Ayiti

Official flag of Haiti

Whenever Haiti is the topic of discussion, one will always think and associate Haiti as being the “poorest country in the Western Hemisphere” and as the country who always seems to be in political turmoil. We are also reminded of the devastating earthquake that rocked Haiti 10 years ago and how the US and France, two of the many countries who are responsible for Haiti’s current state, came to aid Haiti as the “poverty-stricken” and “helpless” sibling that media has portrayed Haiti to be since the 80s. As a child of Haitian immigrants, hearing about Haiti’s troubles has always caused me pain, but hearing how everyone else talks about Haiti and her struggles troubles me even more. Ayiti is not the poverty and disease-stricken country that seems to narrate her history. Ayiti has a rich and beautiful history that has been stripped of her resilience, determination, and triumphant victory of the French and replaced as a country constantly plagued by political corruption and poverty.

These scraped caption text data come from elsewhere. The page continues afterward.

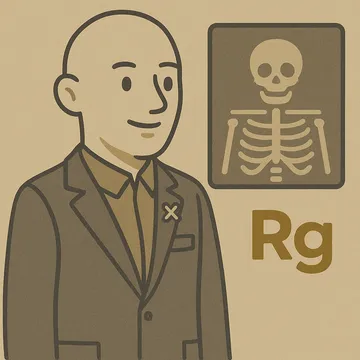 Roentgenium character illustration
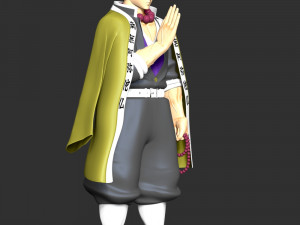 Gyomei Himejima - Demon Slayer Modelo de impresión 3D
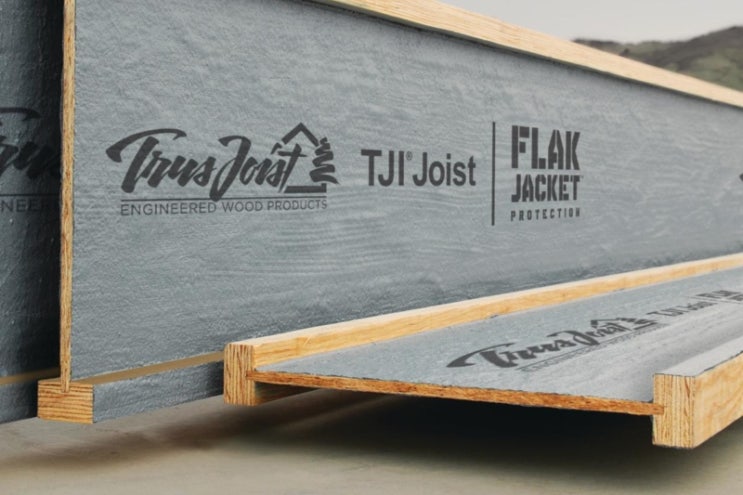  목조주택 아이 조이스트 : TJI I JOIST 포름알데히드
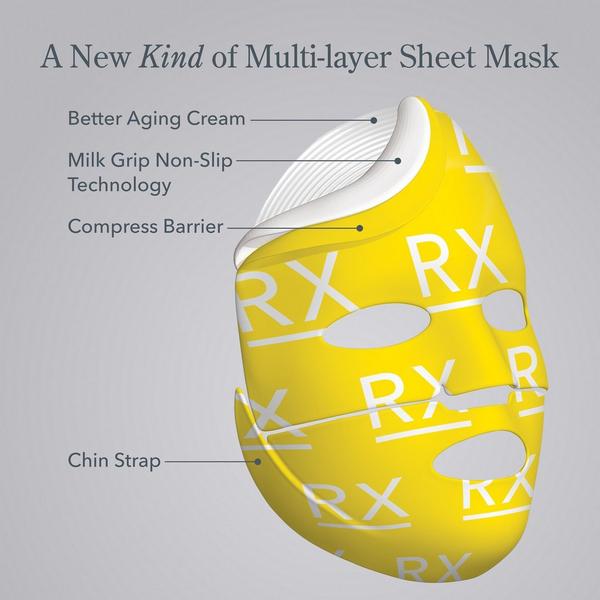 Ulta Beekman 1802  Milk RX Compress Advanced Better Aging Sheet Mask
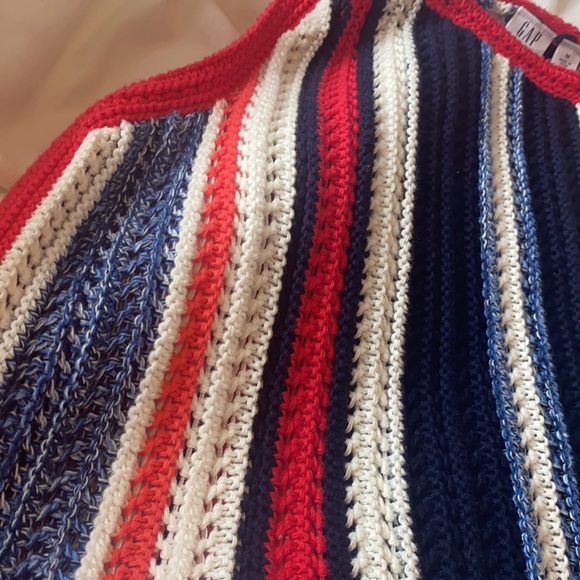 Gap red white and blue knit tan top - Picture 2 of 2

The history of Ayiti is a history that has similar origins of almost every other country in the world, the extermination of the indigenous population (Tainos in Haiti) and slavery/forced labor. Ayiti first came under Spain’s rule and then came under French rule soon after its discovery and was originally named Saint-Domingue. Saint-Domingue was also referred to as “The Pearl of the Antilles” for the treasures of sugar and sugar cane that fueled the economy. Saint-Domingue produced close to 40% of the sugar and 60% of coffee imported to Europe. France imported almost 800,000 Africans and to the colony to continue its wealth and plantation system. When comparing the numbers today, Ayiti was heavily affected by the Transatlantic Slave Trade.

The most beautiful and inspiring aspects of Ayiti’s history is that she is the only one to have ever emerged as the victor as the result of a successful slave rebellion. The Haitian Revolution started on August 22, 1791, after a Voodoo ceremony held by Boukman at Bois Caïman. For 13 years, the rebels fought against the French and destroyed the plantation system. Two prominent figures of the rebellion are Toussaint Louverture and Jean-Jacques Dessalines. At the beginning of the rebellion, Louverture denounced the slave rebels and rebellion but soon changed his mind after seeing exactly what they were fighting for. Louverture once said, “Leave nothing white behind you.” Louverture is most remembered for his military expertise. Louverture never saw the victorious end of the rebellion because he was captured by the French and died in a French prison months later. Dessalines went on to lead the rebels to victory with his famous war cry; koupe tet, boule kay, when translated means cut heads, burn houses. Dessalines had no interest in talking with the French or anyone white for that matter about freedom.

On January 1st, 1804, Dessalines announced the new nation as Haiti (Ayiti) to a world that largely unprepared to accept its independence and France’s defeat. Ayiti was a republic that NO ONE in the world could ever exist. Ayiti defeated one of the strongest military forces in the world. Ayiti’s independence wasn’t accepted by anyone, especially by the US. AmeriKKKa refused to acknowledge Ayiti’s independence for 60 years because they feared that the slaves there would follow Ayiti’s blueprint and start their own revolt. For 60 years, AmeriKKKa referred to Ayiti as Saint-Domingue or as the French Colony and even helped France to push Ayiti into economic turmoil. After Ayiti declared independence, France decided to force Ayiti to pay for lost profits and damages caused by the 13-year revolution by implementing an indemnity; Ayiti did not have much money due to the revolution so the county officials had no other choice but to take out loans from AmeriKKKa, France, and Britain to pay back France for loss profit. Because of this indemnity, the economic hardships that Ayiti has faced and still face today are a result. AmeriKKKa, France and Britain all owe Ayiti money, Billions of dollars, in fact.

Ayiti is a country that everyone should study and honor, her history should be one that should be treated with dignity and respect. Ayiti; the first of her kind to successfully abolish slavery and establish her independence. Ayiti; a country that has been an independent republic for 216 years despite numerous attempts to undermine her worth and to steal back her independence. Ayiti; a country that is still struggling to reclaim her beauty and eloquence in the midst of continuous political strife. My hope is that after you are finished reading this, you will speak of Ayiti as a country full of potential, a country who determined her self worth and independence despite the odds stacked against her, and a country whose revolutionary spirit should be our guide into changing the narrative that surrounds her.